Segment Start: Entries provided

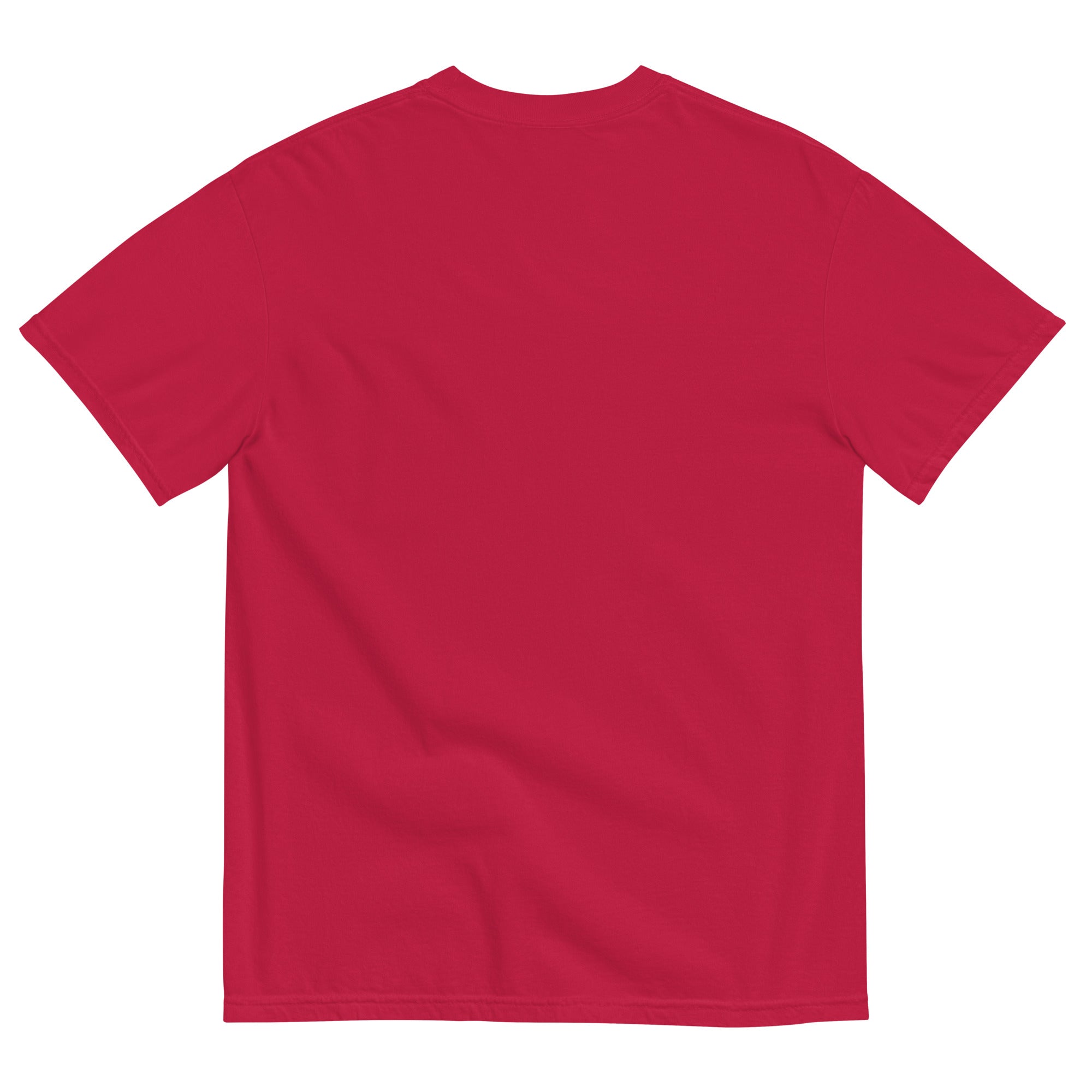Gainesville Spartans RFC Garment Dyed Cotton T-Shirt | Vintage Rugby Style Tee for Men | Perfect for Game Day & Casual Wear
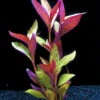 XL In-Vitro Burgunderrotes Papageienblatt / Alternanthera PURPLE Im XL-Cup 2 XL In-Vitro Burgunderrotes Papageienblatt / Alternanthera PURPLE Im XL-Cup -Wfw Wasserflora 006HB 1 1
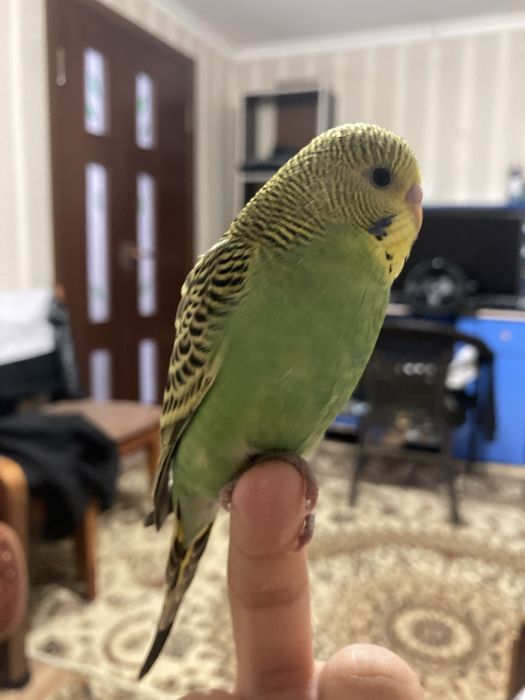 Волнистый попугай ручной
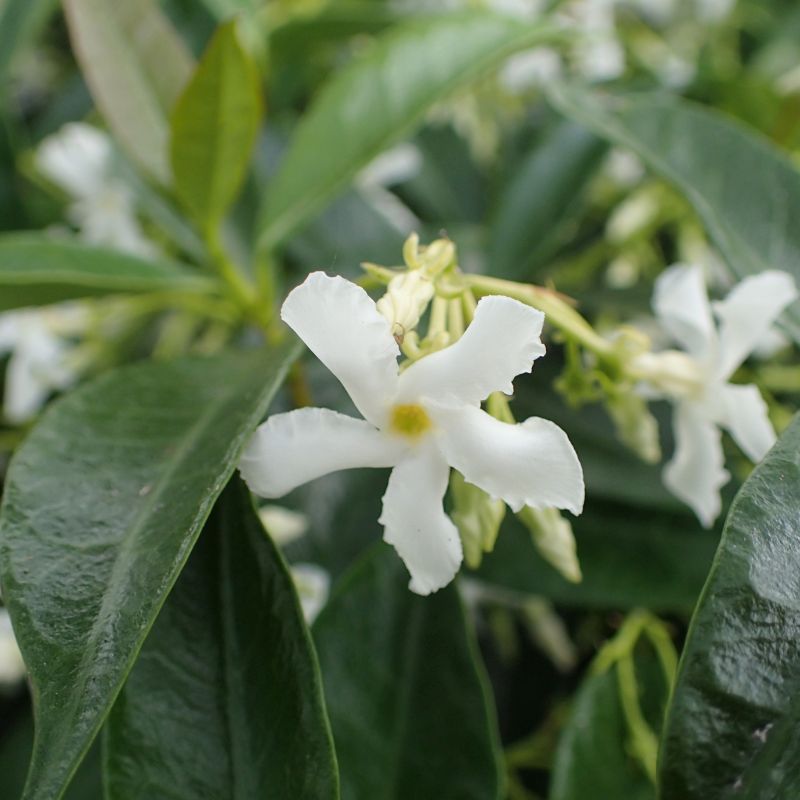 Star Jasmine (Trachelospermum asiaticum) Petaled White Flower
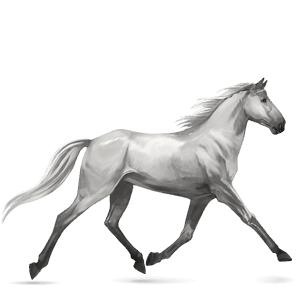 cavallo da corsa tennessee walker grigio chiaro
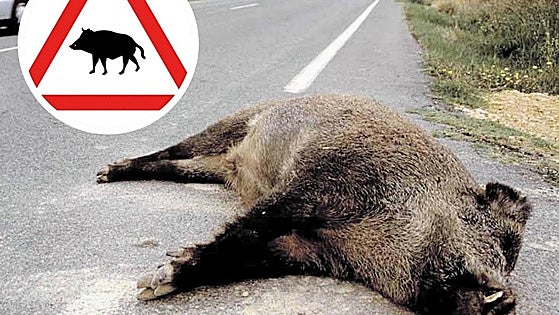 León registra cada día seis accidentes de tráfico con animales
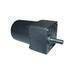 AC Gear Motor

Segment End: Entries provided

_Requirement_.
Output every line of the records exactly, excluding all pictures.

_Answer box_.
Gainesville Spartans RFC Garment Dyed Cotton T-Shirt | Vintage Rugby Style Tee for Men | Perfect for Game Day & Casual Wear
 XL In-Vitro Burgunderrotes Papageienblatt / Alternanthera PURPLE Im XL-Cup 2 XL In-Vitro Burgunderrotes Papageienblatt / Alternanthera PURPLE Im XL-Cup -Wfw Wasserflora 006HB 1 1
 Волнистый попугай ручной
 Star Jasmine (Trachelospermum asiaticum) Petaled White Flower
 cavallo da corsa tennessee walker grigio chiaro
 León registra cada día seis accidentes de tráfico con animales
 AC Gear Motor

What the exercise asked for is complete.